WORK REQUIRED:
Among the lines of data below, reproduce only those from the one with "1902 Morgan silver dollar: 1902" through the one with "Paparazzi Accessories Radiant", exactly as they stand, both ends included.

THE RECORDS:
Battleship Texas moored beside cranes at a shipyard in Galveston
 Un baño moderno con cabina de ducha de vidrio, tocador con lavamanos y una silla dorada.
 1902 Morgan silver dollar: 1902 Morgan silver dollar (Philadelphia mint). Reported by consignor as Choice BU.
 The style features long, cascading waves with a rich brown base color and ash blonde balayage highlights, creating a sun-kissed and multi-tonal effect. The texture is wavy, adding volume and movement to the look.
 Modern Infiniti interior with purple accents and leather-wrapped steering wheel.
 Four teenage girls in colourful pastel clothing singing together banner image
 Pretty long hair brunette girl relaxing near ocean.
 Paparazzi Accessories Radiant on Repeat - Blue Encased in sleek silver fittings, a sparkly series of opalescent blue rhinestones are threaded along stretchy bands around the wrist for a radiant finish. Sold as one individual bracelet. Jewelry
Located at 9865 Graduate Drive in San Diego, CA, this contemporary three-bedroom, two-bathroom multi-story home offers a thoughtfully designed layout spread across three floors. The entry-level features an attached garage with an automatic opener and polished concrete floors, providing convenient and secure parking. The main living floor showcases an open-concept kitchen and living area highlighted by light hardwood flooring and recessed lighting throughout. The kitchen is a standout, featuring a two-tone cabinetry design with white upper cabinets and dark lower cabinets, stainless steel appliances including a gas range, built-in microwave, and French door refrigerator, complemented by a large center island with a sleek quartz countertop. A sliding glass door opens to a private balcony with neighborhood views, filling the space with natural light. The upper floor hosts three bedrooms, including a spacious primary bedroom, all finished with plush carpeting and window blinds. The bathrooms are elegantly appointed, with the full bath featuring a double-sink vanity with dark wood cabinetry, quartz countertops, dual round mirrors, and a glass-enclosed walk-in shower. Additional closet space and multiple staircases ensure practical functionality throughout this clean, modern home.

ANSWER TO THIS PROBLEM:
 1902 Morgan silver dollar: 1902 Morgan silver dollar (Philadelphia mint). Reported by consignor as Choice BU.
 The style features long, cascading waves with a rich brown base color and ash blonde balayage highlights, creating a sun-kissed and multi-tonal effect. The texture is wavy, adding volume and movement to the look.
 Modern Infiniti interior with purple accents and leather-wrapped steering wheel.
 Four teenage girls in colourful pastel clothing singing together banner image
 Pretty long hair brunette girl relaxing near ocean.
 Paparazzi Accessories Radiant on Repeat - Blue Encased in sleek silver fittings, a sparkly series of opalescent blue rhinestones are threaded along stretchy bands around the wrist for a radiant finish. Sold as one individual bracelet. Jewelry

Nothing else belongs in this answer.